*EXCERPTED RECORDS*:
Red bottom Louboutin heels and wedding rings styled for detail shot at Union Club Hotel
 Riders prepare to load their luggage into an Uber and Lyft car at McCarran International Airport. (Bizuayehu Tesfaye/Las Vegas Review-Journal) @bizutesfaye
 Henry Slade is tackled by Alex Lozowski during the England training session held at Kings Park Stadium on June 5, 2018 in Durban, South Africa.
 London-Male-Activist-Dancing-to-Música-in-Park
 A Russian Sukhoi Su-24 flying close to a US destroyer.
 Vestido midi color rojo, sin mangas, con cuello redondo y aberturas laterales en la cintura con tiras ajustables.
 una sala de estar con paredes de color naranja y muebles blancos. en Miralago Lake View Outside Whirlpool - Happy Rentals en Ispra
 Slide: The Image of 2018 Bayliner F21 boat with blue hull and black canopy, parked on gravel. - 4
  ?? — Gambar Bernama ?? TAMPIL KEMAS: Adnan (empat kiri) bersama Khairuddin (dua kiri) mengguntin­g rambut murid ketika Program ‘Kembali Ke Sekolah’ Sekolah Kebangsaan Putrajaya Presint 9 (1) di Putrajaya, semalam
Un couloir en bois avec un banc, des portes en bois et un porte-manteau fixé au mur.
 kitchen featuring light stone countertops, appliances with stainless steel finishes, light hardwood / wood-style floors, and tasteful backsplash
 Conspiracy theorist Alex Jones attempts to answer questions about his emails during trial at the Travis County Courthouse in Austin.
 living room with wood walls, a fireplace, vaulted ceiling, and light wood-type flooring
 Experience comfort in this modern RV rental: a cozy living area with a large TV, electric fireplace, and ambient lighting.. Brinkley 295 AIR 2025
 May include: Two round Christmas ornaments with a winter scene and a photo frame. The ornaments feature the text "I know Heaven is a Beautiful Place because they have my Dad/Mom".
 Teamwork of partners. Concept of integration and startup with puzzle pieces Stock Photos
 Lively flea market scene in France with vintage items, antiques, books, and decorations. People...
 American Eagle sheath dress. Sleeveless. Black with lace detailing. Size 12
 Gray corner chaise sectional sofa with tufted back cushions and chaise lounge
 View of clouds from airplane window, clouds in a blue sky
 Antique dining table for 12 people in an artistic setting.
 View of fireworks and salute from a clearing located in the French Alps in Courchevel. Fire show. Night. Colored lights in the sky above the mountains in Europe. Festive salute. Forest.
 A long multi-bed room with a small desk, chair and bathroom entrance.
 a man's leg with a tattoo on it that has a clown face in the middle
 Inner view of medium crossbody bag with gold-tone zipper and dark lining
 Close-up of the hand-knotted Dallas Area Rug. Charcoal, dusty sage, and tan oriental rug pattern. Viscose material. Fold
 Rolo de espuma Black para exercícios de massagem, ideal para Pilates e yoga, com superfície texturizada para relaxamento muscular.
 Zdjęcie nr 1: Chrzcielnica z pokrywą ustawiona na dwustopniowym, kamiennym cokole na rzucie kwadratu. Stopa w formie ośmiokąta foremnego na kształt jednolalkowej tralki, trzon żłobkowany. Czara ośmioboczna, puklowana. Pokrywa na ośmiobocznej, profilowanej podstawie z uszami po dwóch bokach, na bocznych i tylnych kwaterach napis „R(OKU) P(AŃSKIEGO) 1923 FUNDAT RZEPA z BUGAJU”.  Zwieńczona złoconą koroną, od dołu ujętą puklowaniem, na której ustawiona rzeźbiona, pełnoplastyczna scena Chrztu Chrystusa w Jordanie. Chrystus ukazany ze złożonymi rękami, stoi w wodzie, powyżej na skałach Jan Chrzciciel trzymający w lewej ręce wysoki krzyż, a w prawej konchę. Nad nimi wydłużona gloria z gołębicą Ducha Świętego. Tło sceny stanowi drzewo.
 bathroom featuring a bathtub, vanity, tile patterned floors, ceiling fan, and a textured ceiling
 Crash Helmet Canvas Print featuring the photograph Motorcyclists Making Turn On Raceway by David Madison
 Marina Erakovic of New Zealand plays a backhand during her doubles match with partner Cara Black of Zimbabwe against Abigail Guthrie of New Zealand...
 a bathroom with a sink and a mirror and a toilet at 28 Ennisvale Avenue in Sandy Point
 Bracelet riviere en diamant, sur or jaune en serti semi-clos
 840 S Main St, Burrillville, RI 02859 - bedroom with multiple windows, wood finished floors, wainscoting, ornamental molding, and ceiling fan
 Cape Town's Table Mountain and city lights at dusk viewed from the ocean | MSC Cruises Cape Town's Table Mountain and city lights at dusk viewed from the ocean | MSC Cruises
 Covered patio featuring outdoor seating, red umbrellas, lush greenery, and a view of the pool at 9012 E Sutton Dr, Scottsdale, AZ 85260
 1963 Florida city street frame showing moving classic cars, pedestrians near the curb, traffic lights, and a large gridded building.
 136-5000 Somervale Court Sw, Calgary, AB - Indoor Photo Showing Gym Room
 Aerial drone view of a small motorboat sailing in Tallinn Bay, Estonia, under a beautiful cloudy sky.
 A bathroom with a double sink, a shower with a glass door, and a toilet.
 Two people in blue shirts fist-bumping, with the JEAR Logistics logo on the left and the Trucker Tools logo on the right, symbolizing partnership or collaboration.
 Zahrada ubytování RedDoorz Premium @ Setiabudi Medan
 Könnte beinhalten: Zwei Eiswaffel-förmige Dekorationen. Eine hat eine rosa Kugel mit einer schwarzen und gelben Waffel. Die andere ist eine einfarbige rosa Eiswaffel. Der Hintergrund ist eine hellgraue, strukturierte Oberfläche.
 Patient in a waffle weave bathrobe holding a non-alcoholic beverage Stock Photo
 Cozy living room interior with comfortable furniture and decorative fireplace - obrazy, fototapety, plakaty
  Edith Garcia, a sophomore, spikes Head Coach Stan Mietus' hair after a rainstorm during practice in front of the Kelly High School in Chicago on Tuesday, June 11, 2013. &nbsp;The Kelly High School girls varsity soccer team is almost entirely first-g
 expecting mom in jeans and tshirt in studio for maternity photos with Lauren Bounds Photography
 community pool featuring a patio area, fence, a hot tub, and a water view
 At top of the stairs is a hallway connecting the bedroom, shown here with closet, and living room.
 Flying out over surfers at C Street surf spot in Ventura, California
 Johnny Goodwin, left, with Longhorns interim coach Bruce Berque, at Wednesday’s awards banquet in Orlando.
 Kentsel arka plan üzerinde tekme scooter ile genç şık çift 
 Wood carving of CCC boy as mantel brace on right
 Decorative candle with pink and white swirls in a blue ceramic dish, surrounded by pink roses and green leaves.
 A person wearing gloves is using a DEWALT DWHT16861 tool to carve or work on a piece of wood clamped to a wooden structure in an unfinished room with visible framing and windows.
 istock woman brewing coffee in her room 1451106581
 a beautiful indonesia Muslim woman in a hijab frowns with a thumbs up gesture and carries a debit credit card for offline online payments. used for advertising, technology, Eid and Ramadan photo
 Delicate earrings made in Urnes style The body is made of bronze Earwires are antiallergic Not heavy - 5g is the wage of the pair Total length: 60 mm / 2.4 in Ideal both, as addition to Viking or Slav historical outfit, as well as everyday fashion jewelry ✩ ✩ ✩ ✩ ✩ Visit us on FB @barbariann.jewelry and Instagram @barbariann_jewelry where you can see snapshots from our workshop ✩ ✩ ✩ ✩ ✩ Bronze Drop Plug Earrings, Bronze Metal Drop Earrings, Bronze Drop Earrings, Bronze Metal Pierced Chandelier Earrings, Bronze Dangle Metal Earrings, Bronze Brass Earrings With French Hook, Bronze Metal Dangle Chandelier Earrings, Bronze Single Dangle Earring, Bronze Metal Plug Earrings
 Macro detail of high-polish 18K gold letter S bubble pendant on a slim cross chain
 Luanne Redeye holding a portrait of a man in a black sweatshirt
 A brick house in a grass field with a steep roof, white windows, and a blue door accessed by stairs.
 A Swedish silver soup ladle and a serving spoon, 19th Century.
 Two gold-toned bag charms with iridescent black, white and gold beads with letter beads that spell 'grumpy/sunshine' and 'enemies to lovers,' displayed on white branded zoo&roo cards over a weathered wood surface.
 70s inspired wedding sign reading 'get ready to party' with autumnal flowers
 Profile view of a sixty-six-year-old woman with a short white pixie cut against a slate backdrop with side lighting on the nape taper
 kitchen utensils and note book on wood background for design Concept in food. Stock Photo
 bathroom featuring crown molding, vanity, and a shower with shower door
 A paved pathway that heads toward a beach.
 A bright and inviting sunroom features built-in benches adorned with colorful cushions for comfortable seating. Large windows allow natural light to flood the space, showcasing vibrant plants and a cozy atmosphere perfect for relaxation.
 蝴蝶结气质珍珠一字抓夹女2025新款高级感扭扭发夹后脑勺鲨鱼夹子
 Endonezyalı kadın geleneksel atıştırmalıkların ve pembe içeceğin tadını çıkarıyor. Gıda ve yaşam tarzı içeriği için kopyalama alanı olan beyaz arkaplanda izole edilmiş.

*THE TASK*:
The range runs from the line with "View of clouds" up to and including the line with "Antique dining table" in the listing above; please write out exactly those lines and nothing more.

*PROBLEM SOLUTION*:
 View of clouds from airplane window, clouds in a blue sky
 Antique dining table for 12 people in an artistic setting.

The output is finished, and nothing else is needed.